In my totally unscientific poll, I’d say 50% of Belgrade men have a torbica or two. What’s in them? I had grand plans for man-on-the-street interviews, but between my camera’s “video” function and my halting Serbian, I’ll just guess instead: cigarettes (naturally), sunglasses, phone, bottle opener (why not?), keys, and identification. Serbians often carry ID booklets that don’t quite fit in wallets, so a torbica prevents the dreaded “Costanza wallet.”
Indeed, the European carryall has its benefits. A guy can carry many valuable possessions yet remain hands-free for important taxi-hailing or phone calls. For once, a lady can ask her guy to hold something besides ID and lipstick. No girlfriend? The torbica also becomes a useful pick-up tool: “Miss, would you like a mint from my torbica?” Acually, that sounds kind of dirty. Better to offer a cigarette.

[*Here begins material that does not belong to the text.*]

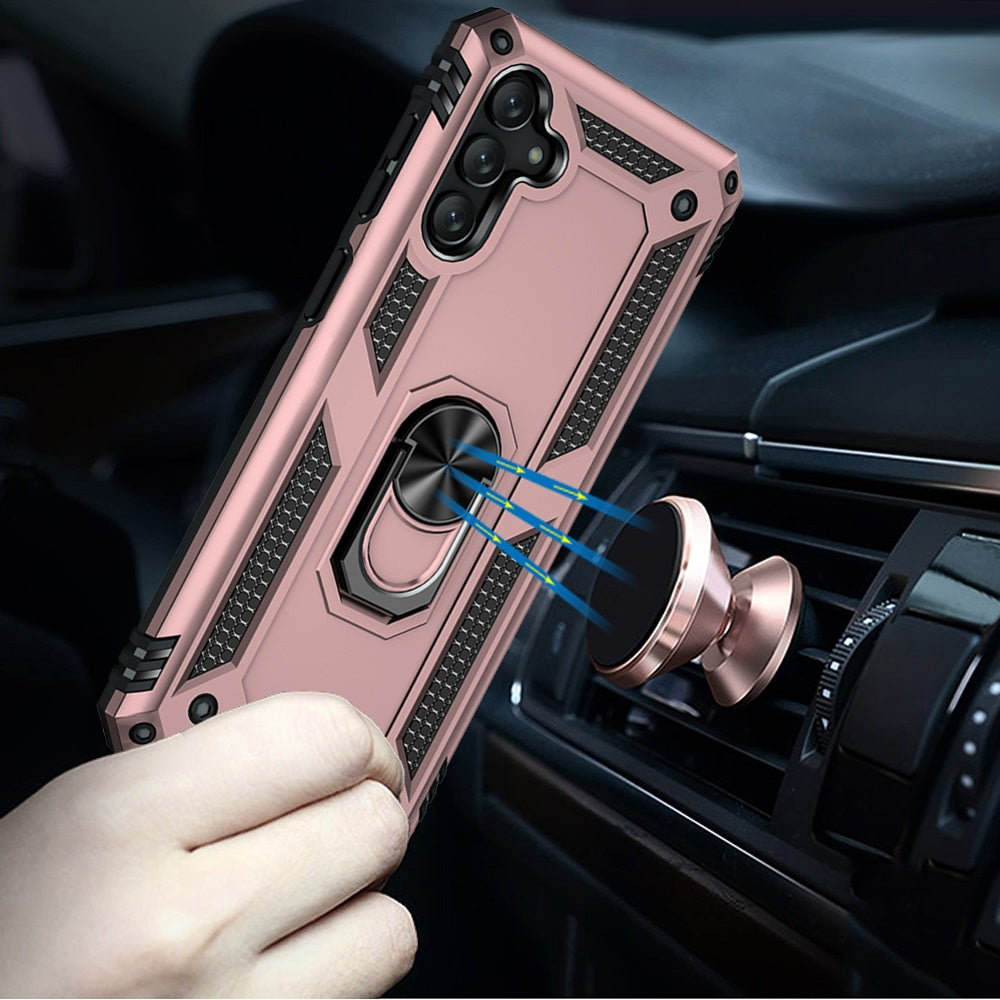 For Samsung Galaxy A26 Hybrid Shockproof Durable 360 Degree Rotatable Ring Stand Holder Kickstand Fit Magnetic Car Mount Case Cover Hotpink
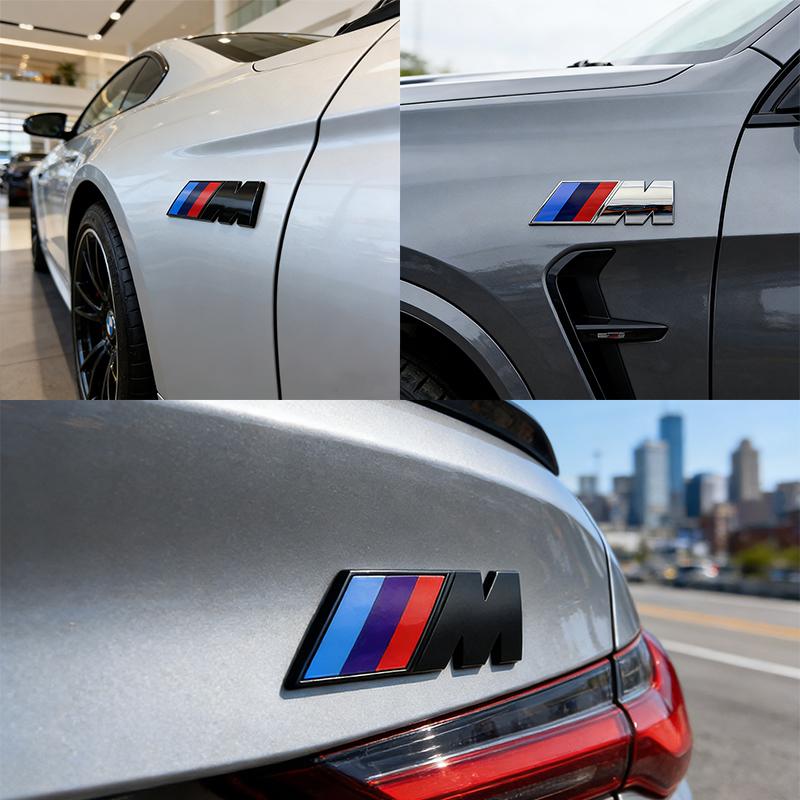 1 Stück ABS Auto Kotflügel Seitenemblem Heckklappenabzeichen M Logo Aufkleber für BMW M M3 M5 M6 E46 E90 F30 G20 E36 E34 G20 G30 Zubehör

It’s even a health aid. This guy may be suffering from liver damage, but he’s not going to get “fat wallet syndrome,” aka piriformis.
Though Balkan men have popularized the man purse, there’s a long tradition of tough guys sporting bags: Santa Claus, Indiana Jones, and Chewbacca, to name a few. These pioneers have helped Balkan men be stylish, manly, and courteous to the women who don’t want to carry their stuff. RHOB says, long live the manbag! Or, excuse me, satchel.